Il giudizio negativo arriva invece “all’ennesima rottamazione delle cartelle esattoriali (1,6 miliardi nel 2026). È la quinta rottamazione delle cartelle dal 2016 – aggiunge il segretario -, cui si aggiungono tre operazioni di stralcio (nel 2018, 2021 e 2022) e un condono nel 2023. In pratica, secondo l’UPB, è l’incentivo, per chi evade, a continuare a farlo. Parte delle risorse per manovre più robuste possono essere trovate tramite una più incisiva lotta all’evasione e all’elusione fiscale”. Ma negativo è anche quanto riguarda le norme in materia di pensioni “e sul mancato rifinanziamento della legge sulla Partecipazione”.
Per parte propria, la Uil festeggia la valorizzazione della contrattazione collettiva nella manovra, che “per la prima volta” vede riconosciuto il suo valore “economico, sociale e politico collegando in modo diretto lo strumento fiscale ai rinnovi contrattuali. “È un fatto positivo – ha detto il segretario confederale della Uil, Santo Biondo -, frutto del confronto tra Governo e parti sociali, che accogliamo con favore”. Tuttavia non mancano criticità,soprattutto nei capitoli relativi a fisco, pensioni e sanità.
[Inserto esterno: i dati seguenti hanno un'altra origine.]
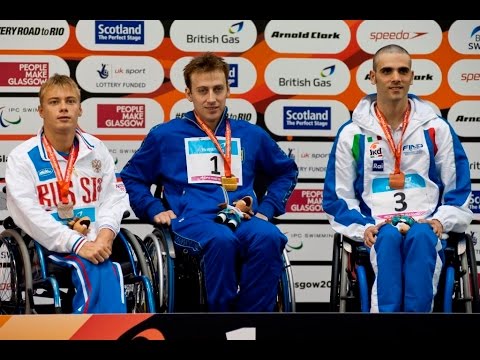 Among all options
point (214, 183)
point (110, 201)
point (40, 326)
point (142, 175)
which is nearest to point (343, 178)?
point (214, 183)

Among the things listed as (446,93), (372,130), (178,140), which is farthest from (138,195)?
(446,93)

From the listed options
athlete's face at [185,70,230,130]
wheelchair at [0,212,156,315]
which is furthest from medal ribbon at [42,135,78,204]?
athlete's face at [185,70,230,130]

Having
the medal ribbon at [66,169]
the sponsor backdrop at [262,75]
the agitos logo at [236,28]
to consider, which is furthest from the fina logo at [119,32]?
the medal ribbon at [66,169]

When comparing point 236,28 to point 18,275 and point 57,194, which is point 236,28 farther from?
point 18,275

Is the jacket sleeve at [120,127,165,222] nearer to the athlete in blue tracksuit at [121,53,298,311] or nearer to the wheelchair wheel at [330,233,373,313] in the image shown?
the athlete in blue tracksuit at [121,53,298,311]

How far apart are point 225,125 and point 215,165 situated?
0.25 metres

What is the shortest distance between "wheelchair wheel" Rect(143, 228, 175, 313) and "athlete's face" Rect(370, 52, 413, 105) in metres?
1.31

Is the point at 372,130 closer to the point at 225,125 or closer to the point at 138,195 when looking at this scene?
the point at 225,125

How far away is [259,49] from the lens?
6539 mm

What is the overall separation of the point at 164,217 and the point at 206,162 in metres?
0.38

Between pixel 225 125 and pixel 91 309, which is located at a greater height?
pixel 225 125

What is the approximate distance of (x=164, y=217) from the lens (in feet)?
16.9

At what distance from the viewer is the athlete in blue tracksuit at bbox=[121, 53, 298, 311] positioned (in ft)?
16.3

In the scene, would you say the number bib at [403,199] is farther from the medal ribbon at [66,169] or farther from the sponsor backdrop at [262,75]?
the medal ribbon at [66,169] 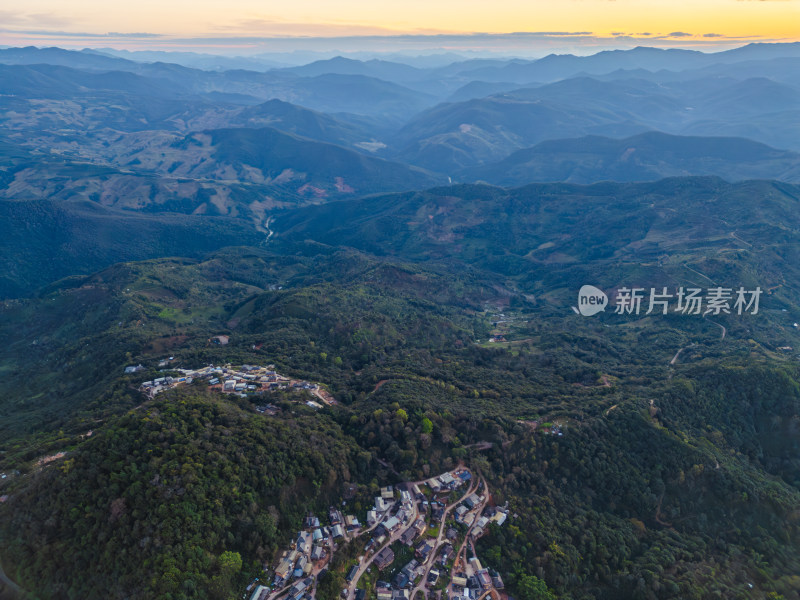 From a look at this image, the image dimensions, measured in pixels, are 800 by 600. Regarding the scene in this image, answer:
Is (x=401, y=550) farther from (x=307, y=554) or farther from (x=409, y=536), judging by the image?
(x=307, y=554)

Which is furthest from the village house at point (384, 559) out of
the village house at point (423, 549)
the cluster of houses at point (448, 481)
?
the cluster of houses at point (448, 481)

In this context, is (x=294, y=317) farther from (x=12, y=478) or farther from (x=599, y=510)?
(x=599, y=510)

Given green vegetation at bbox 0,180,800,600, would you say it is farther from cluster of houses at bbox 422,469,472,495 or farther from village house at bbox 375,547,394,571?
village house at bbox 375,547,394,571

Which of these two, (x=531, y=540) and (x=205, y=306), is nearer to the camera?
(x=531, y=540)

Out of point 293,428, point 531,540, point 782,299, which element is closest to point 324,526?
point 293,428

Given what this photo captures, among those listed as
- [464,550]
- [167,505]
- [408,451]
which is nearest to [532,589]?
[464,550]

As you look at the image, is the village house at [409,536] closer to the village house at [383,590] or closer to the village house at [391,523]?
the village house at [391,523] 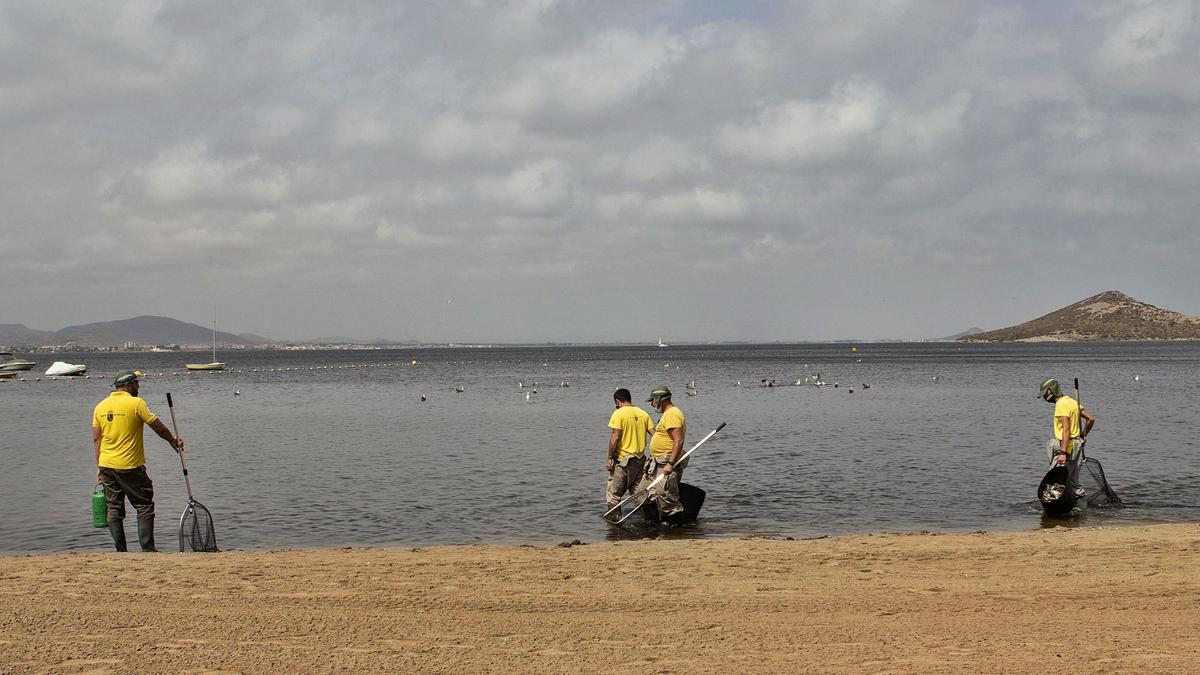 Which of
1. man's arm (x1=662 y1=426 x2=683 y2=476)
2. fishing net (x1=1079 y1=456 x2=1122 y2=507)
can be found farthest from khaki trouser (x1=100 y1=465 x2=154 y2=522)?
fishing net (x1=1079 y1=456 x2=1122 y2=507)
“L’articolo 4, che prevede la detassazione dei rinnovi contrattuali e la riduzione dell’imposta sui premi di produttività, va nella direzione che la Uil chiede da anni: sostenere i salari attraverso la contrattazione. Ora – ha precisato Biondo – serve renderla una misura strutturale e circoscritta ai contratti sottoscritti dalle parti sociali comparativamente più rappresentative sul piano nazionale ed estendere la soglia di reddito fino a 40 mila euro, oltre a recuperare i ratei del 2024 ed estendere questa misura anche al pubblico impiego. Inoltre, è necessario, da un lato, rafforzare la contrattazione di secondo livello, ancora troppo debole nelle piccole imprese e, dall’altro rendere strutturali tutele come la Cigs per cessazione”.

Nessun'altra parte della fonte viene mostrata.